If you have any questions after watching a video, check the help files of functions (access by running ?functionname), look at more extensive Data Center tutorials, try googling your question, or email datacenter@ucr.nl to attend office hours. The code shown in the videos is available on Github.

Finding and importing data

Finding the right data

Once you have a research question or topic you would like to look into, you need to determine what data you need: establish a list of the indicators and countries, and the time period. Once you know what you’re looking for, you can search for a source.

For macroeconomic indicators reliable data sources are the World Bank Databank and the OECD database. In addition, you can find a more extensive list of data sources here.

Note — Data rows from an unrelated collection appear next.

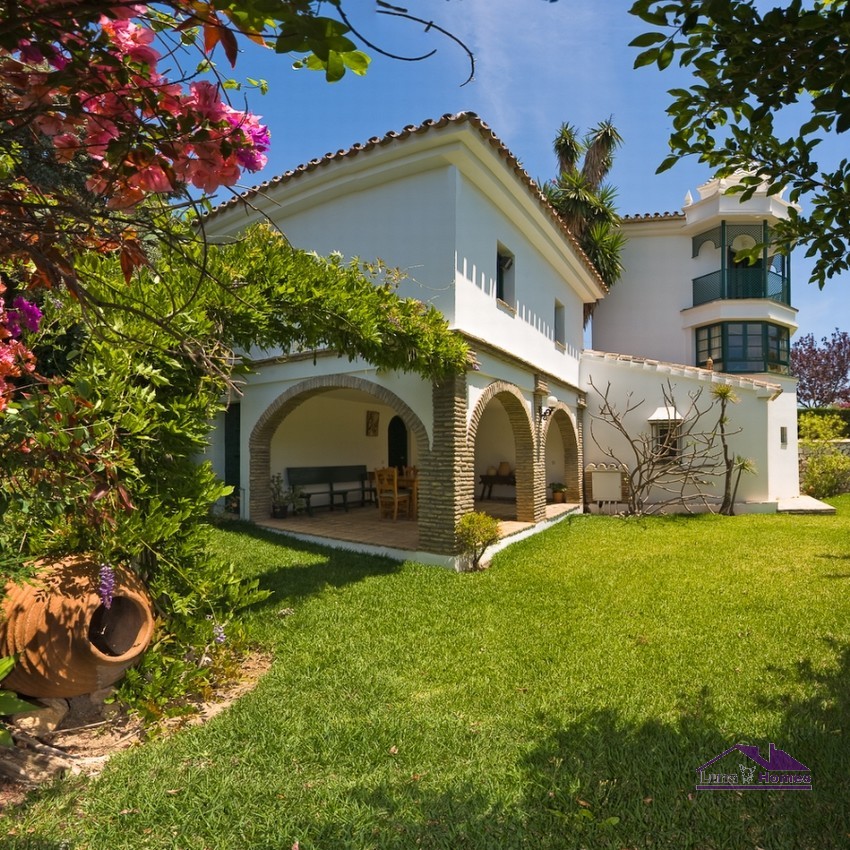 Villa till salu i Benalmádena Costa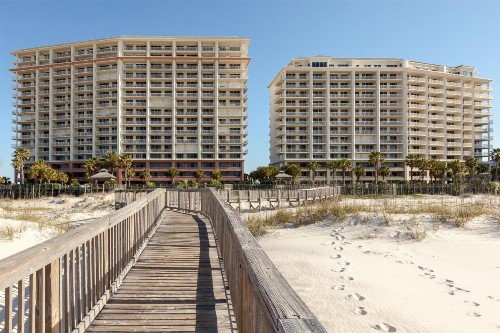 Beach Club 203B - image 12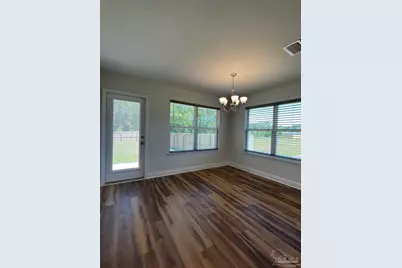 7130 Sonny Dr, Pensacola, FL 32504 - Photo 8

In the following we will work with GDP data from OECD (link) and CO2 emissions data from the World Bank (link).

Before importing data to R, you need to download it to your computer and save it in your project folder.

Importing a CSV file

CSV files are a convenient and simple way of storing data. CSV stands for “comma-separated values”: the raw data is text file where each line of text is a row of data, and values within a row are separated by commas. In most cases your computer will automatically open CSV files in Excel, where they are displayed as a table. CSV files are the most common and also one of the easiest to import to R.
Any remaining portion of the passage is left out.